Despite Megumi (and later Utaha as well) getting some great lines, the real focus of these two episodes is still on Michiru. She is reluctant to get involved in helping to produce otaku fare, and her father will only sanction her being in her band, Icy Tail, if they have a manager. Naturally she wants Aki to do it, and the hope that it will force him out of his otaku mindset is a clear secondary motive. The series has repeatedly shown, though, that Aki should also never be underestimated when he sets his mind to a task or makes things happen, such as by ferreting out the truth behind Icy Tail's real character (which Michiru didn't even know about!) and using it to reinforce his own special form of persuasion. This is a lot less seedy in execution than it sounds, as he is still giving Michiru exactly what she wants and exactly what will fulfill her, just not in the way that she expected. It's a lot stronger justification to build attraction on than what we normally get in harem series.

These two episodes have all sorts of other nice touches, too. Though Eriri is mostly pathetic, she has a couple of good scenes with Megumi where the nature of their relationship with each other progresses a bit. The way the other Icy Tail members are first introduced and then re-introduced when their secret comes out is also handled slickly and amusingly, and the metafictional aspect continues to show in the way the girls define situations in terms of the game that they are creating. Perhaps the ultimate tribute moment in these episodes – and a choice that perfectly-fits what the series conveys about the spirit of otaku – is when Icy Tail's lead performance number proves to be a cover of “Sorairo Days,” the opening theme for Gurren Lagann. While the scene is far from being on the same level as Haruhi's performance with ENOZ in The Melancholy of Haruhi Suzumiya (especially on the animation front), it nonetheless serves its purpose well in illustrating how performing on stage brings Michiru to life. The series also continues to be playful in how it frames its fan service, whether it be Utaha's penchant for striking poses, the wandering gaze of the camera, or a couple of sexier bits that even other characters comment on looking a certain way despite not being done with that intent.

What these episodes don't do is give the series a sense of finality, either in a thematic or a storytelling sense. Episode 12 does conclude with the circle behind Blessing Software now complete (and thus Aki's harem also now being fully intact) and with one path in the game now complete, so it does at least end at a reasonable stopping point, but the Winter Comiket debut of the game is still two months off and the relationships between both Aki and the girls and amongst the girls do not seem fully settled. By some accounts only about half of the existing light novel content has been animated, so a continuation is certainly possible at this point, and would be necessary to fully round the story out. No such announcement has been made as of this writing, however.

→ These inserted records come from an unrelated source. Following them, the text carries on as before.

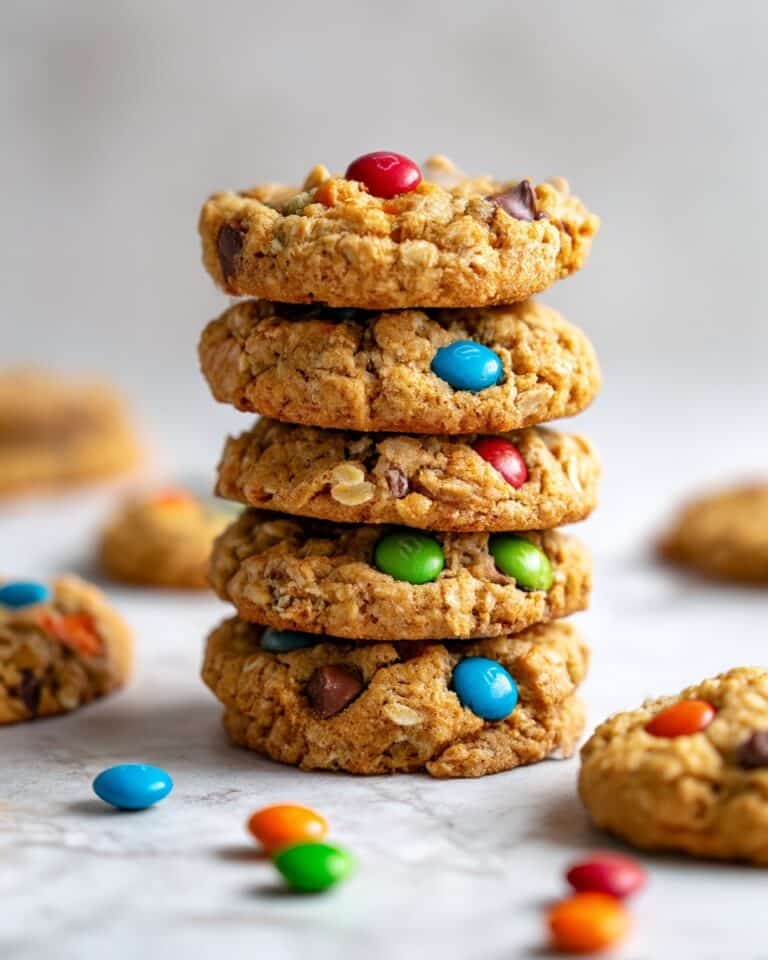 Giant Monster Cookies with Peanut Butter, Oats, and Chocolate M&Ms Recipe
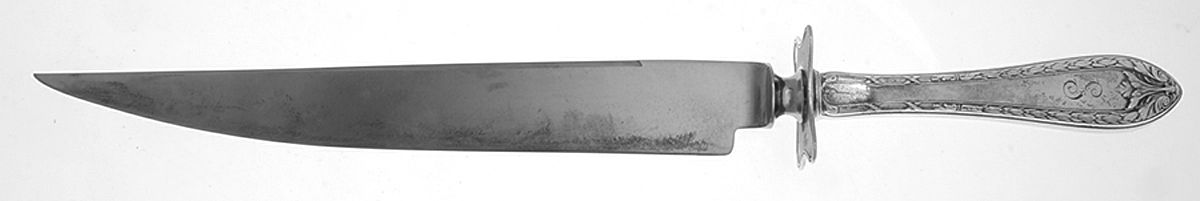Marie Antoinette (Sterling, 1917) Large Carving/Roast Knife StnlBl w/Sterling Guard by Dominick & Haff-1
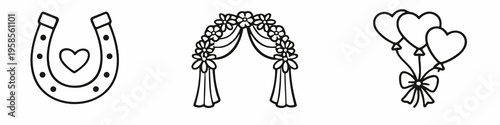 Outline wedding icons with lucky horseshoe, floral arch, and bridal bouquet. Elegant vector set for ceremony, romance, celebration, invitation, and love themed design projects.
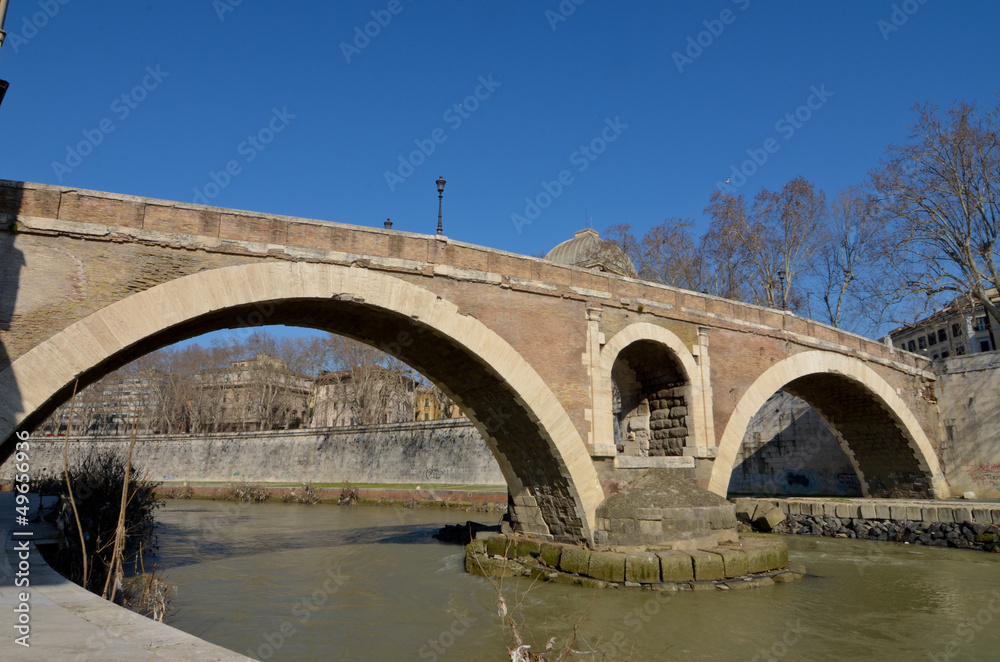 Cestio bridge by Tiberina island of Rome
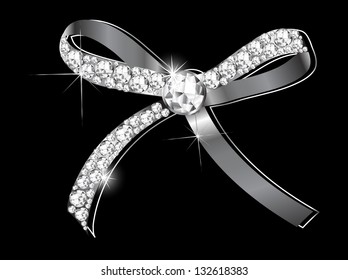 Luxury silver bow with the diamonds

Even so, in the final analysis Saekano has turned out to be a far sharper series than it initially appeared that it would be. It finds ways to be analytical without sacrificing entertainment value and step beyond the basic harem structure while still retaining it, and in the process produce some fun and witty characters and dialogue, too. In a season which has no shortage of strong entries, it is still one of the stronger ones.

Episodes Rating: A-

Overall Series Rating: B+

Saekano: How to Raise a Boring Girlfriend is currently streaming on Crunchyroll.